Archive for April 8th, 2010
14. That God wrought works that were more fatherly for this Hebrew people, and that the more God did for them, the more they practiced their malevolence and their impiety against God (Ps. 94 [Ps. 95]).
15. That when the time appointed by the divine Majesty arrived, the Word of God, whom the Holy Scripture calls the Son of God, took human flesh in the womb of the Virgin Mary, God having willed to restore all things by his Word, just as he had made them all by his Word (John 1; Mt. L; Phil. 3 [Phil. 2J; Col. 1).
16. That this incarnate Word is the Messiah, promised to the Hebrews in the Law and in the Prophets, whom we call Christ, which is the same as Messiah or Anointed (John 3,4).

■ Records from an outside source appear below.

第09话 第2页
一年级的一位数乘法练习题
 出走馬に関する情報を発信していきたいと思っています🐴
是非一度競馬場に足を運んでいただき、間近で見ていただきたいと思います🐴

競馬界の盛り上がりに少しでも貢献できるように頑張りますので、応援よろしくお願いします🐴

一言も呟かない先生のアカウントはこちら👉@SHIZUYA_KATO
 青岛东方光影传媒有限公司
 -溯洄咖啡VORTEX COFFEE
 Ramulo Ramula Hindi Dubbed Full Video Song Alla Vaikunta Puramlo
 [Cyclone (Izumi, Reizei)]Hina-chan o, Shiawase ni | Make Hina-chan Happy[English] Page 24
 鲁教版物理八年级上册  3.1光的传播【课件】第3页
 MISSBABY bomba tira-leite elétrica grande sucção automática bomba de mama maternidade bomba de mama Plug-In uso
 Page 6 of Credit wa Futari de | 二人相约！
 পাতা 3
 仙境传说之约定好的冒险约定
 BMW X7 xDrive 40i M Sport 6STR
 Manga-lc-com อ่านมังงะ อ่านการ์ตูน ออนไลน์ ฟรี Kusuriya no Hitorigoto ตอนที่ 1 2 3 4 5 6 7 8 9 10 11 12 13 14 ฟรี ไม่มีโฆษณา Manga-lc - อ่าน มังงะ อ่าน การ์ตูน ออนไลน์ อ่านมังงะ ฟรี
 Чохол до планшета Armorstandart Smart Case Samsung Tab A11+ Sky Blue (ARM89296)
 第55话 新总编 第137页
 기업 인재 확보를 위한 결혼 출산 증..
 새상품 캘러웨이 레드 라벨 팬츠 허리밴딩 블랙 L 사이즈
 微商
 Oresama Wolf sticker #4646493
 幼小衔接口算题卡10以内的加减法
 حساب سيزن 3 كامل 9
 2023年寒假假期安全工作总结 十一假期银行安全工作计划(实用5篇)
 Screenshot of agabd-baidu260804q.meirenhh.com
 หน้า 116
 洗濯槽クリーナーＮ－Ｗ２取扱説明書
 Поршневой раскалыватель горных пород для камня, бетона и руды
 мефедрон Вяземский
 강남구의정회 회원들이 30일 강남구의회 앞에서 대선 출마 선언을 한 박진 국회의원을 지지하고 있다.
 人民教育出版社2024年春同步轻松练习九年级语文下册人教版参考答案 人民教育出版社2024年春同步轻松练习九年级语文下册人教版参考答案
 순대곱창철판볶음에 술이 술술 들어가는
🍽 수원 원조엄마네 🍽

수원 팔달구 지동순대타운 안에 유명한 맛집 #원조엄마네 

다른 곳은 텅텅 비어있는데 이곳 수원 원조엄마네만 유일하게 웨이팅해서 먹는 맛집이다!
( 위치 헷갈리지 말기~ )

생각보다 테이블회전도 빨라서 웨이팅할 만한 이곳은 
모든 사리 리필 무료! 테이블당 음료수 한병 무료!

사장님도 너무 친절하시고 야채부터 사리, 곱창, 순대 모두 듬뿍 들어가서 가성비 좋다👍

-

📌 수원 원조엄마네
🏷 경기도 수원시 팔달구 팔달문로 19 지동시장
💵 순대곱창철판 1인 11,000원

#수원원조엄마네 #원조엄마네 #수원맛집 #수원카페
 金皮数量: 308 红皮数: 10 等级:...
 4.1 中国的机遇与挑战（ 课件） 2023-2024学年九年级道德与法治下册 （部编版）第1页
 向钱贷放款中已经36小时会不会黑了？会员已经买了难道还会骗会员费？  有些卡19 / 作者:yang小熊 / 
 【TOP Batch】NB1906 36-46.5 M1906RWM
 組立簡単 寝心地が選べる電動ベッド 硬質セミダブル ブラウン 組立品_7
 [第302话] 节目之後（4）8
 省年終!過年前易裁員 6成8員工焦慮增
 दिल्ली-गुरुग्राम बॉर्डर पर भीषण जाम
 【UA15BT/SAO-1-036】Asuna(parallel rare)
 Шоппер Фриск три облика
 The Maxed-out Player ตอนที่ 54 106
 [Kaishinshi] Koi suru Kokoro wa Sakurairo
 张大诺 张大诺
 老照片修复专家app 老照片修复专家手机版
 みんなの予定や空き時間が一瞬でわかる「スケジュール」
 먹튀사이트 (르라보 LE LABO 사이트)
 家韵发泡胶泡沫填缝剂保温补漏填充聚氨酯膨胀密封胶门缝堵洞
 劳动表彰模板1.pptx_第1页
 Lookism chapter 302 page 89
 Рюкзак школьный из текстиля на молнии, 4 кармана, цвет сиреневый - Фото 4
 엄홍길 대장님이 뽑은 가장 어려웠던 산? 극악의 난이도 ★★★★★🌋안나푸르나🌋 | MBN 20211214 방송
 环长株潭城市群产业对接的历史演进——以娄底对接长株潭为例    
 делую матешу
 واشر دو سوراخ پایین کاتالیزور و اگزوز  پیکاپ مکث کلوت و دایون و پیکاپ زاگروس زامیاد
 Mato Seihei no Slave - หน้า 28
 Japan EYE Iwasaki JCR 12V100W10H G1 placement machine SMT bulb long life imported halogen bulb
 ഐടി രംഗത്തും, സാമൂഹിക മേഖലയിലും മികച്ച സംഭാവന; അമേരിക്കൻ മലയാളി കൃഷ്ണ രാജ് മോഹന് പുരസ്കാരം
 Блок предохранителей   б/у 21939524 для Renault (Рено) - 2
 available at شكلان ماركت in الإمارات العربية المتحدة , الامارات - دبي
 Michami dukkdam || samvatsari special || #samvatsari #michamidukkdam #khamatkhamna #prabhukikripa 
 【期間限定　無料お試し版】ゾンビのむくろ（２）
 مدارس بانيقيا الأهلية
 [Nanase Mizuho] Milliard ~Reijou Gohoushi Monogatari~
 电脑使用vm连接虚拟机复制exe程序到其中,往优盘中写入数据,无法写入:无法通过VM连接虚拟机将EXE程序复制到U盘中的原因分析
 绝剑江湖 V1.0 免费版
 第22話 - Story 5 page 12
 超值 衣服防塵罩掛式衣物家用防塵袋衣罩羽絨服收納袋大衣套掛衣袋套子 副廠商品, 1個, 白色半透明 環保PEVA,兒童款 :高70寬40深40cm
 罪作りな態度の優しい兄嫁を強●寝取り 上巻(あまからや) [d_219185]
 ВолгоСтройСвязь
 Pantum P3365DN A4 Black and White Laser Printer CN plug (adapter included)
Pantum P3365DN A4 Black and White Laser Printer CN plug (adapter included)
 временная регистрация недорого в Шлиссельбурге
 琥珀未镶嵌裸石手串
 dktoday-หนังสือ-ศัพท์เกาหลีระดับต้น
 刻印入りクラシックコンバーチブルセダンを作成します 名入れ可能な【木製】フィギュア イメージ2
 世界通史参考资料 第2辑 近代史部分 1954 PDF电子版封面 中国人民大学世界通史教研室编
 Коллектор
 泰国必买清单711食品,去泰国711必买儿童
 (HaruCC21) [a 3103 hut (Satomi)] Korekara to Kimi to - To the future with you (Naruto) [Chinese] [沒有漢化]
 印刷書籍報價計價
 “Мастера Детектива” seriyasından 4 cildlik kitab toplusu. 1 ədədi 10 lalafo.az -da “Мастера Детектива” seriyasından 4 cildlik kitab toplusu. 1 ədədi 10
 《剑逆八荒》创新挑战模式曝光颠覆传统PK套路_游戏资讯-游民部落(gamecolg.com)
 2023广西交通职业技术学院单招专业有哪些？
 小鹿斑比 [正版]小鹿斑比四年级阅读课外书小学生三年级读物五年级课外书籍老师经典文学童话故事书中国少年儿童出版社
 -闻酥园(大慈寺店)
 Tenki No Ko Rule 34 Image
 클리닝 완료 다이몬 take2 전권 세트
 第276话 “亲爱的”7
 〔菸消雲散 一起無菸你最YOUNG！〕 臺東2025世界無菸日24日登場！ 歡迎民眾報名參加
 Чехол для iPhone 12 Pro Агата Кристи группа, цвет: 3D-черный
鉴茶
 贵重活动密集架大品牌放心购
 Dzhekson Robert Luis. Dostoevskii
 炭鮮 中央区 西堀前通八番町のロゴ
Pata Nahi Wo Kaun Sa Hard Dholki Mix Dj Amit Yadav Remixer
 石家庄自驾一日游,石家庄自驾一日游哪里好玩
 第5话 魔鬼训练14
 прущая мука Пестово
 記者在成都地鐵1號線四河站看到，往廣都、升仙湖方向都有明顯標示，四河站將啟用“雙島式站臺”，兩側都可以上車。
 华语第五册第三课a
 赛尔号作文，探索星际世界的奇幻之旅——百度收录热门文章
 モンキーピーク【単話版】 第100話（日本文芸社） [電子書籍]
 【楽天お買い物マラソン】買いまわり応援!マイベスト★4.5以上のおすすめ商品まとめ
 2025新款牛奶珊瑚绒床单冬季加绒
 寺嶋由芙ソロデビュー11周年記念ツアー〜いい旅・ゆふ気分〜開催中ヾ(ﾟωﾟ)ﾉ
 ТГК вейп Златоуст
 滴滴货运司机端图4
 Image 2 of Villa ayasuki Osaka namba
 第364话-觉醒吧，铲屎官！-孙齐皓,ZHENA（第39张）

17. That upon this Word of God incarnate, upon this Son of God, upon this Christ, God placed all the iniquities, all the rebellions, and all the sins of all men, he being most innocent and free from all sin. God chastised them all in him with the same rigor as if he had committed them all, even to taking from him on the cross his life as a son of Adam and as a passible and mortal man. God afterwards resurrected and glorified him for his obedience, giving him absolute power in heaven and on earth (1 Pet. 2; Mt. 28; Col. 1).
18. That Christ, having ascended into heaven, sent the Holy Spirit upon his disciples, upon those he had elected and taken for his own while he conversed among men (Acts 1).
Juan de Valdés, The Manner which Ought to be Observed in Instructing the Children of Christians from Childhood about Religious Matters,” in Reformed Confessions of the 16th and 17th Centuries in English Translation, ed. James T. Dennison, (Grand Rapids Michigan: Reformation Heritage Books, 2008), 1:531. [underlining mine.]